Start of RAW DATA

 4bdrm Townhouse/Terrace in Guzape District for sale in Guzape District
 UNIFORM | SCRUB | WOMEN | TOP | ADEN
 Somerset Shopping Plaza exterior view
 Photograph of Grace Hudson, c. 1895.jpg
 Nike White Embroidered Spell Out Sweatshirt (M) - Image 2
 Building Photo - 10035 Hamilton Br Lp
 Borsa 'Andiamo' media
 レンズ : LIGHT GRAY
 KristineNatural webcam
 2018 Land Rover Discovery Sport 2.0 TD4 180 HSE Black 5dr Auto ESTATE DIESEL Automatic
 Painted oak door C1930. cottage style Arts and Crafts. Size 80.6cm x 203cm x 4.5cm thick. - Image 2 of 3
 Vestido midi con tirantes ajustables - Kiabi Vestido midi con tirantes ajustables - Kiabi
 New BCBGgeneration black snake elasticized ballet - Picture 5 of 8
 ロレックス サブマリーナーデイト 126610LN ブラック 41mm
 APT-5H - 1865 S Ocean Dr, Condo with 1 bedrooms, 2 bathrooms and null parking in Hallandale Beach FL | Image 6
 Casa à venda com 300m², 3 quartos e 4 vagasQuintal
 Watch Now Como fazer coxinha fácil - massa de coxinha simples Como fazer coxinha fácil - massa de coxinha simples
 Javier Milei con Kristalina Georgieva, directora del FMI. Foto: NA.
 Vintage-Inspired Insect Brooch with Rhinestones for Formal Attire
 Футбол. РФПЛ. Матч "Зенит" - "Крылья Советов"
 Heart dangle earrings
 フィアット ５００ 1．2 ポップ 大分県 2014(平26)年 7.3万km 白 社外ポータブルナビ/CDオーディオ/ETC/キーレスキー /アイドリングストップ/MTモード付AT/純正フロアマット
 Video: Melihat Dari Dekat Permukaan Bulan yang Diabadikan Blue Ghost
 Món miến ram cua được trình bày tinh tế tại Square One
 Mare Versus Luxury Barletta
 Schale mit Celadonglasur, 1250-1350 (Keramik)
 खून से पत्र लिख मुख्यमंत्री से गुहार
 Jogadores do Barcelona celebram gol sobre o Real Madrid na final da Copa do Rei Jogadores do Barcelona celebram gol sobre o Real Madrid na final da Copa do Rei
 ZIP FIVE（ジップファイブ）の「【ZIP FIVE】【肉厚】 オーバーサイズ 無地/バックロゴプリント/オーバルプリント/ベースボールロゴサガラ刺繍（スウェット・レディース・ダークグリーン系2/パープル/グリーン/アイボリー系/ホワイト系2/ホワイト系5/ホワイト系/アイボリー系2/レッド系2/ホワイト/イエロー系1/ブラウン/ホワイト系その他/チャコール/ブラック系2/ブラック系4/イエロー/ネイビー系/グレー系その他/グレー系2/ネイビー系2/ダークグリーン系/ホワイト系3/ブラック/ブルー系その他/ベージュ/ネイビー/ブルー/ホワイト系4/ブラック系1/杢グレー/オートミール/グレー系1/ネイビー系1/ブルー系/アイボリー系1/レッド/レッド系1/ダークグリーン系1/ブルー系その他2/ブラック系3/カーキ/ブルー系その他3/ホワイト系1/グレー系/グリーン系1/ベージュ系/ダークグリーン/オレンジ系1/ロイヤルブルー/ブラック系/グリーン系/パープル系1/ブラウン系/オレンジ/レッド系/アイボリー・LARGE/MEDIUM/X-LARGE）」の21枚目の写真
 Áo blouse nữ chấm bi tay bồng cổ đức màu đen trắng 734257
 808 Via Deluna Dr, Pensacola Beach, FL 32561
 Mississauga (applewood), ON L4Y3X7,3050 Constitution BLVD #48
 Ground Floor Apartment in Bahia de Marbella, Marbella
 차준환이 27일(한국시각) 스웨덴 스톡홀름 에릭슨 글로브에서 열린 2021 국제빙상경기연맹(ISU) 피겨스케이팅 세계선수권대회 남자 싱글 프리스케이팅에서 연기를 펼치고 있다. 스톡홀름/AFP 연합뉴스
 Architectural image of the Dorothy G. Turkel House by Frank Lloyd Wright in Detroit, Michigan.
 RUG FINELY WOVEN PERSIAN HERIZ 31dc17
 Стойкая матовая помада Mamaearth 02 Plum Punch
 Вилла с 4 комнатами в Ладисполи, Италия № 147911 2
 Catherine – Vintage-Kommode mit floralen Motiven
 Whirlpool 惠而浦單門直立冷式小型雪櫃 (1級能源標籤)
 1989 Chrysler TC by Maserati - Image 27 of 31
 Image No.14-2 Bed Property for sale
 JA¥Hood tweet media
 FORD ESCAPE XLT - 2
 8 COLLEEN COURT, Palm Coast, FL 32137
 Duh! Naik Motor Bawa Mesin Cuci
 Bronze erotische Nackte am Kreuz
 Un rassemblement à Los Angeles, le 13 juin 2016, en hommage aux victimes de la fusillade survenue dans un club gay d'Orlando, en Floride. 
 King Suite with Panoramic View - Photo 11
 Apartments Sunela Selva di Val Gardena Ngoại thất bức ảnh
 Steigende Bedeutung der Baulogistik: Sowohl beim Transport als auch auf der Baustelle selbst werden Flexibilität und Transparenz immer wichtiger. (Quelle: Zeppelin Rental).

End of RAW DATA

▶ TASK
Across the material above, how many lines have the word "Beach" in them? Answer with a bare number.

▶ YOUR RESPONSE
2